DATASET
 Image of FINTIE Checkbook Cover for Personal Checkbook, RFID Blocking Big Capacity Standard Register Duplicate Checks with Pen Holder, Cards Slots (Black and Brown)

* * *

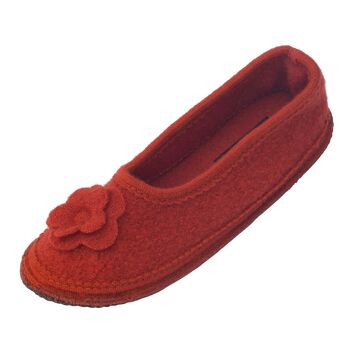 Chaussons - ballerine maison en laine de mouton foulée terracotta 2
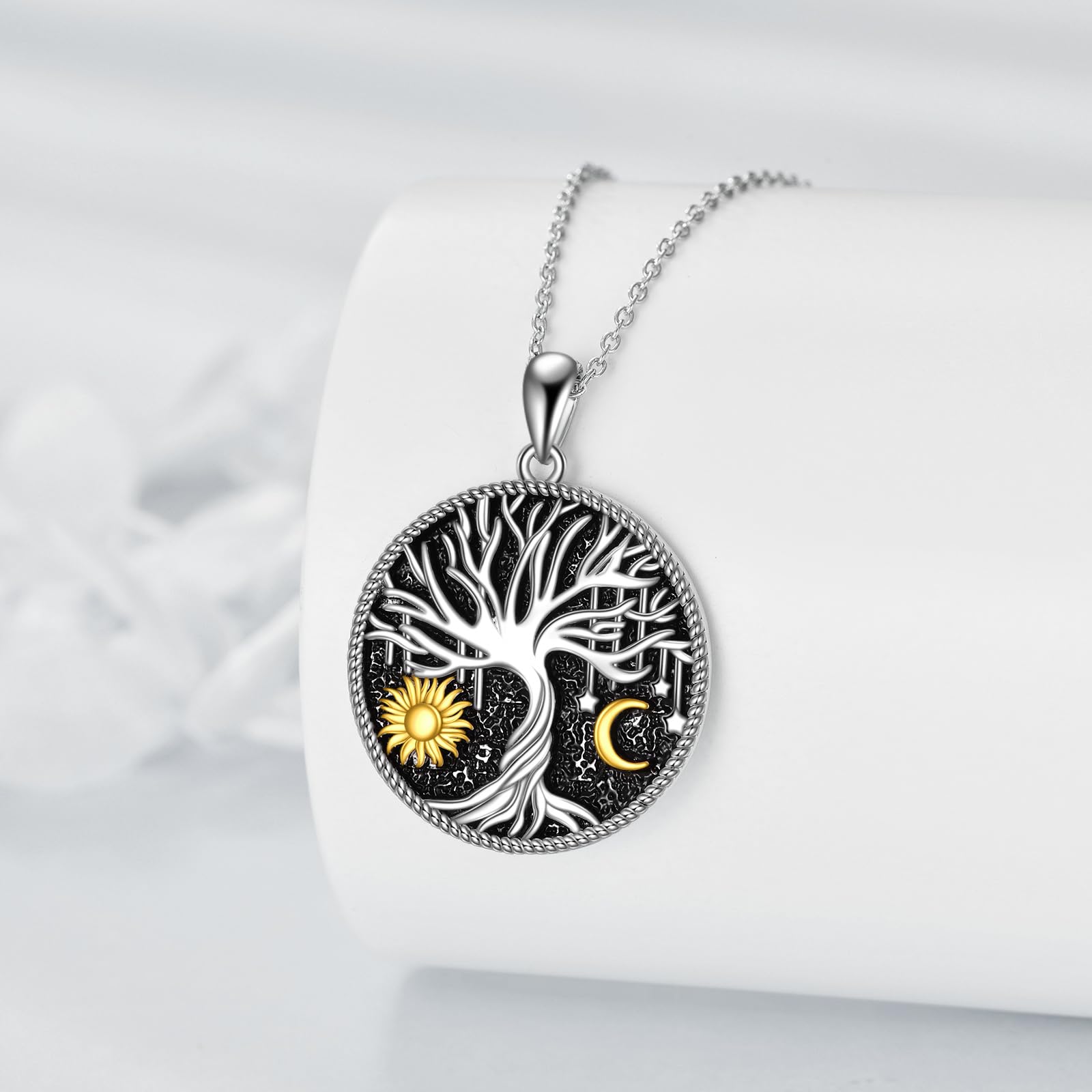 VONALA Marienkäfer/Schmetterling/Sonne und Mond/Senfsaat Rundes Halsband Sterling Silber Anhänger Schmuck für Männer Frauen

TASK
In the listing above, find the line containing "Chaussons - ballerine". Output it and every line after it up to and including the line containing "VONALA Marienkäfer/Schmetterling/Sonne und", exactly, but skip the pictures.

ANSWER FOR THE TASK
 Chaussons - ballerine maison en laine de mouton foulée terracotta 2
 VONALA Marienkäfer/Schmetterling/Sonne und Mond/Senfsaat Rundes Halsband Sterling Silber Anhänger Schmuck für Männer Frauen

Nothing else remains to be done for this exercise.